There won't be any sloppy kisses, Pic.

GW


----------



## Jeb Stuart (Jan 19, 2020)

Lilita James is the Missouri city Attorney, just in another State. Using her power of AG to Push BLM agenda. Side with her and you are nothing but BLM cohorts. NRA is going across the country in courts every where in defense of the Second Amendment and People here trashing the NRA and sounding like a Bunch of CNN mouth Pieces. Disgusting.

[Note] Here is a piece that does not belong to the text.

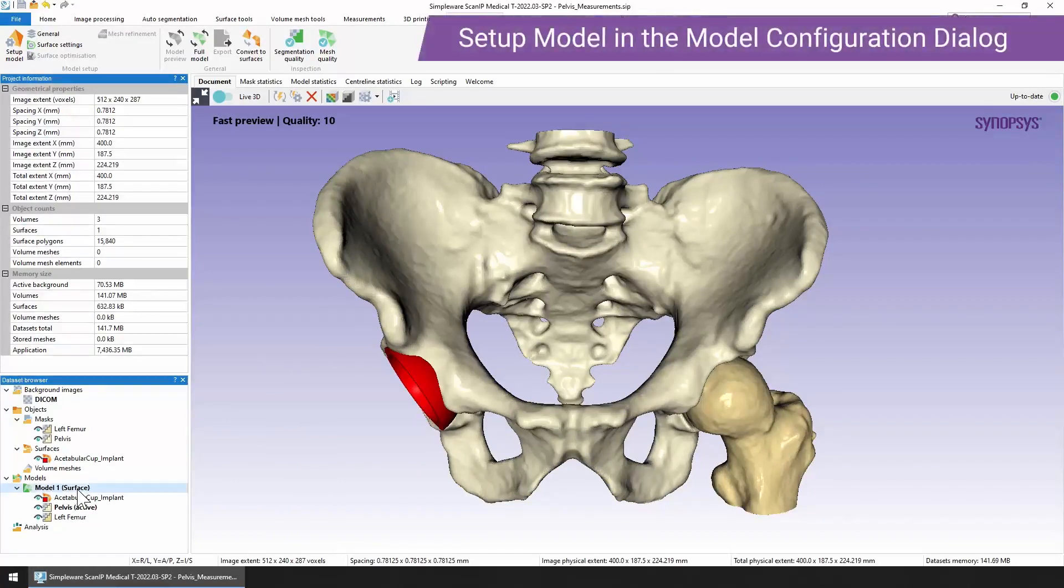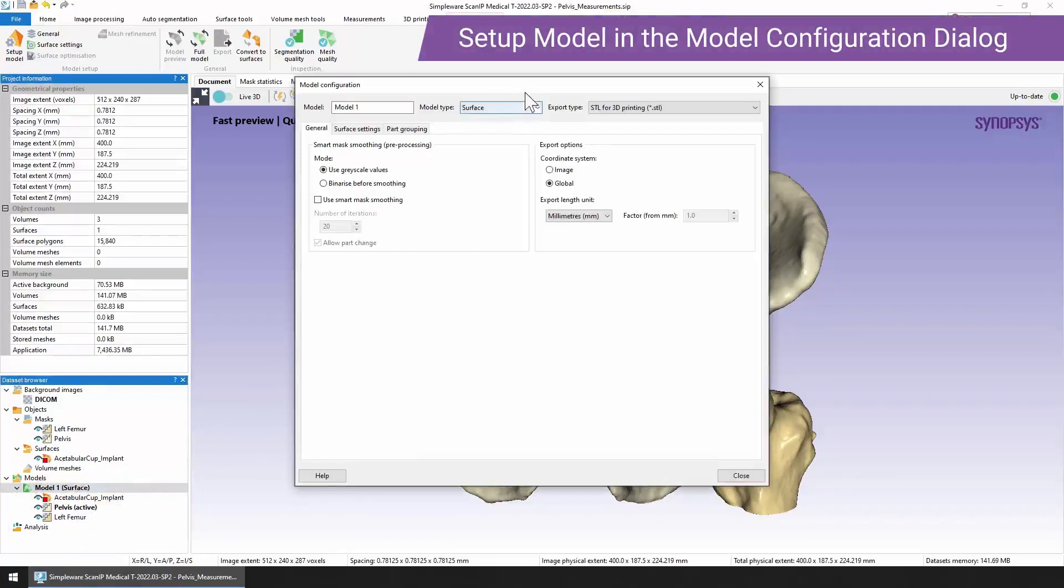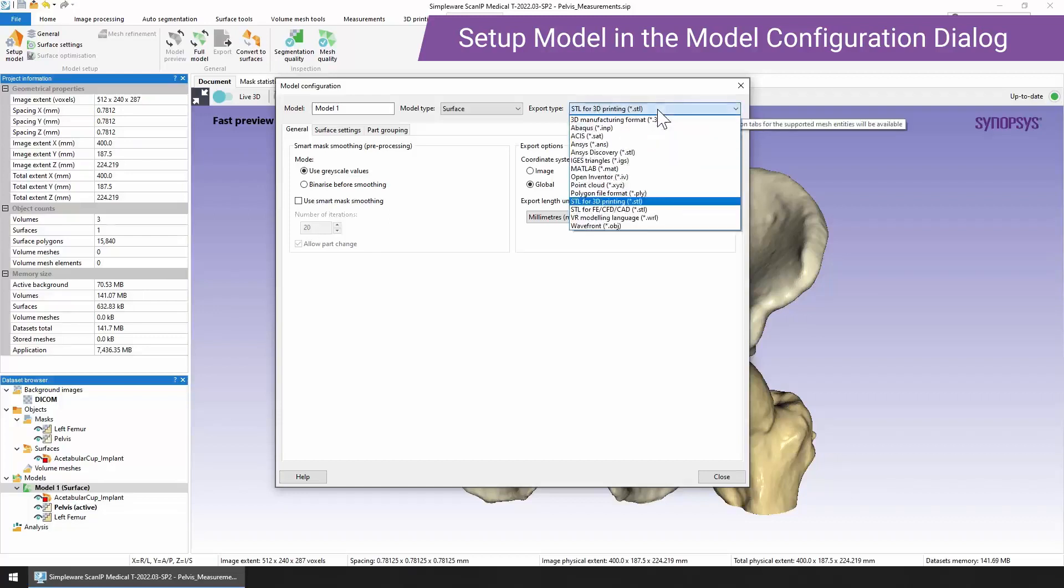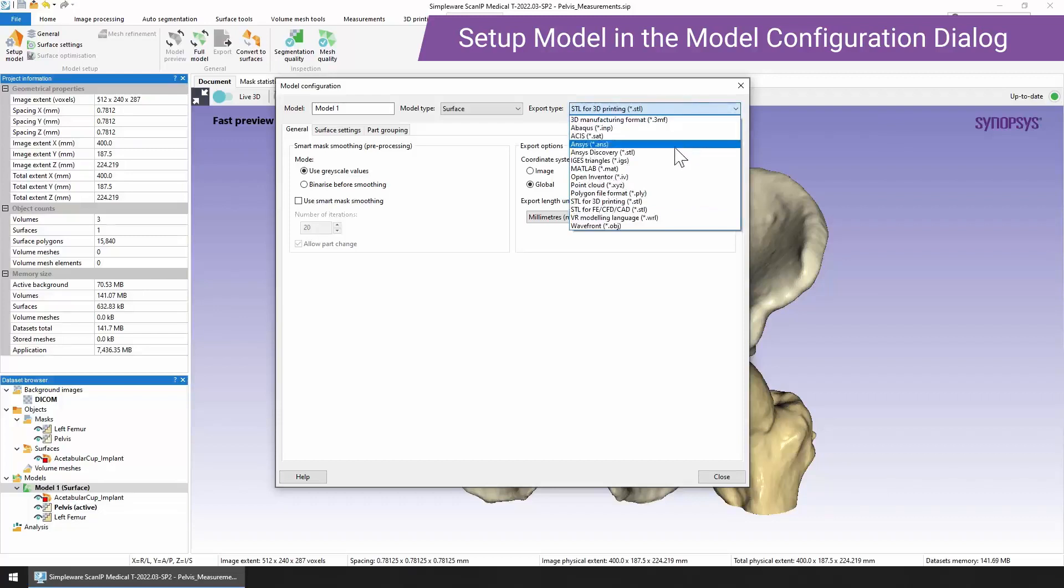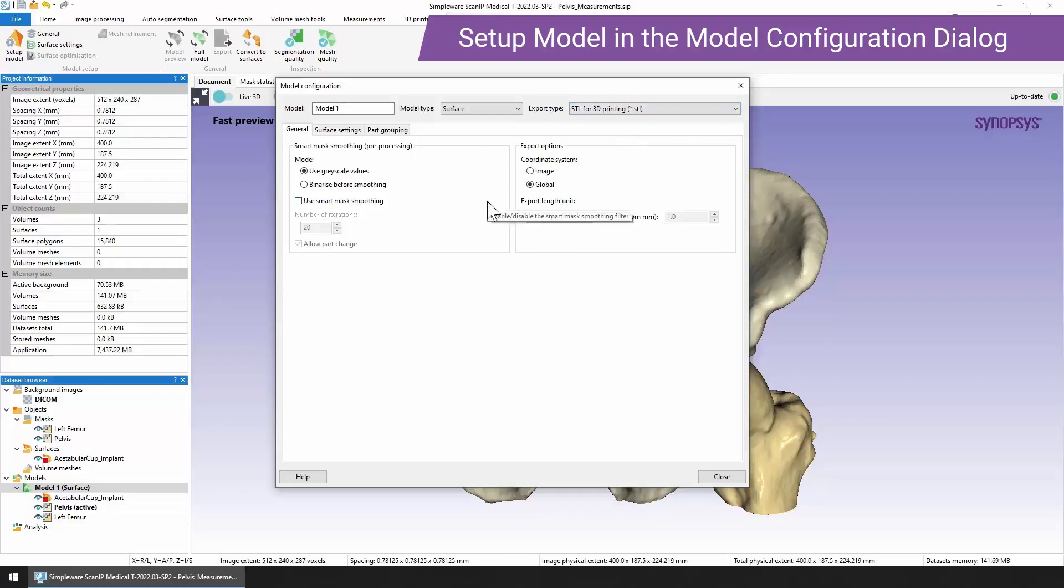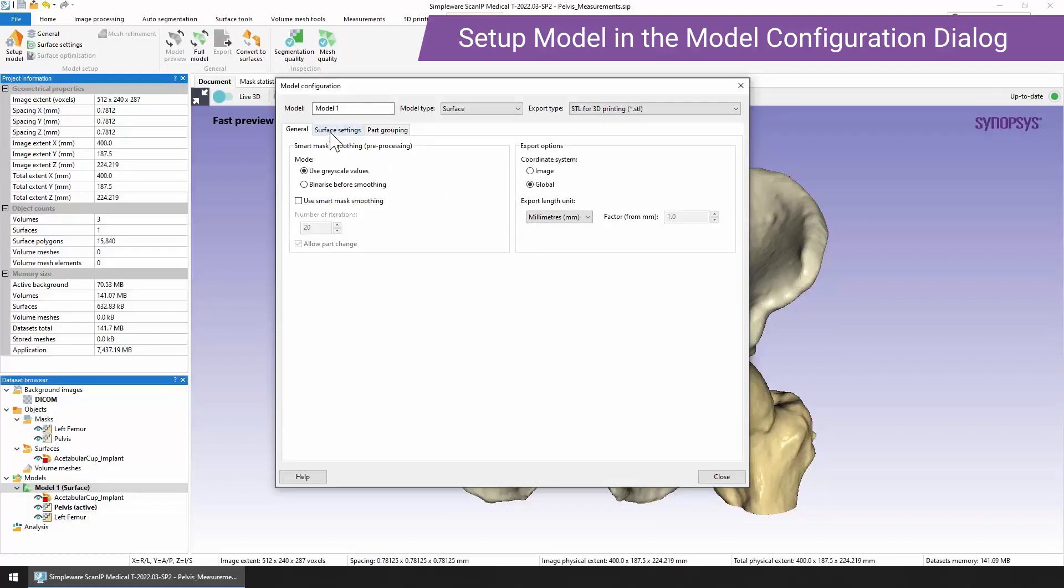If we right mouse click we'll get to the model configuration. This is really where we can set up all parts of the model. First thing to do is choose our export type. We have a whole different range of export types from 3MF to SAT. STL is one of the most commonly used. We have two different STL options which I'm going to look at today. The first is STL for 3D printing. This is a very quick setup so you just get a few options: some smart mask smoothing, which allows you to smooth multiple parts in one operation. I would stick with the default options in the first instance and then change them if you need to. And just quick export options for the coordinate system and the export length.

She wins and she wins a big power play for BLM and the NY liberal Marist that want to destroy America. If you do not like the NRA or think it should be just Perfect then vote for LILITA and get the hell in line with all her Piece of Crap cohorts. But do not pretend you are pro 2A. What next the same CNN mouth Pieces here want to Defund the Police also?


----------



## LostinTexas (Oct 1, 2018)

Jeb Stuart said:


> Lilita James is the Missouri city Attorney, just in another State. Using her power of AG to Push BLM agenda. Side with her and you are nothing but BLM cohorts. NRA is going across the country in courts every where in defense of the Second Amendment and People here trashing the NRA and sounding like a Bunch of CNN mouth Pieces. Disgusting.
> 
> She wins and she wins a big power play for BLM and the NY liberal Marist that want to destroy America. If you do not like the NRA or think it should be just Perfect then vote for LILITA and get the hell in line with all her Piece of Crap cohorts. But do not pretend you are pro 2A. What next the same CNN mouth Pieces here want to Defund the Police also?


----------



## RK3369 (Aug 12, 2013)

I support the 2nd amendment and the NRA. I just don’t endorse the personal excesses that LaPierre is accused of. Not for him nor any other person in charge of a not for profit. Yes, NY’s attack is politically motivated and yes, it is anti gun but guess what? It never would have happened if LaPierre hadn’t done what he did. He handed the issue to the NYAG on a Silver platter. I truly hope NY loses but I am not surprised and it’s about time LaPierre was called to account and removed from power. How effin stupid and arrogant could he be? He was just waving a red flag in front of the bull. Idiot. He needs to go.i don’t want him spending my money on his wardrobe and jet vacations. BS!


----------



## RK3369 (Aug 12, 2013)

This was published in May 2019. Seems LaPierre's habits have been questioned for at least the past year? Unless you're saying this is a fictional account of what is going on there, is there a reason to not consider it credible?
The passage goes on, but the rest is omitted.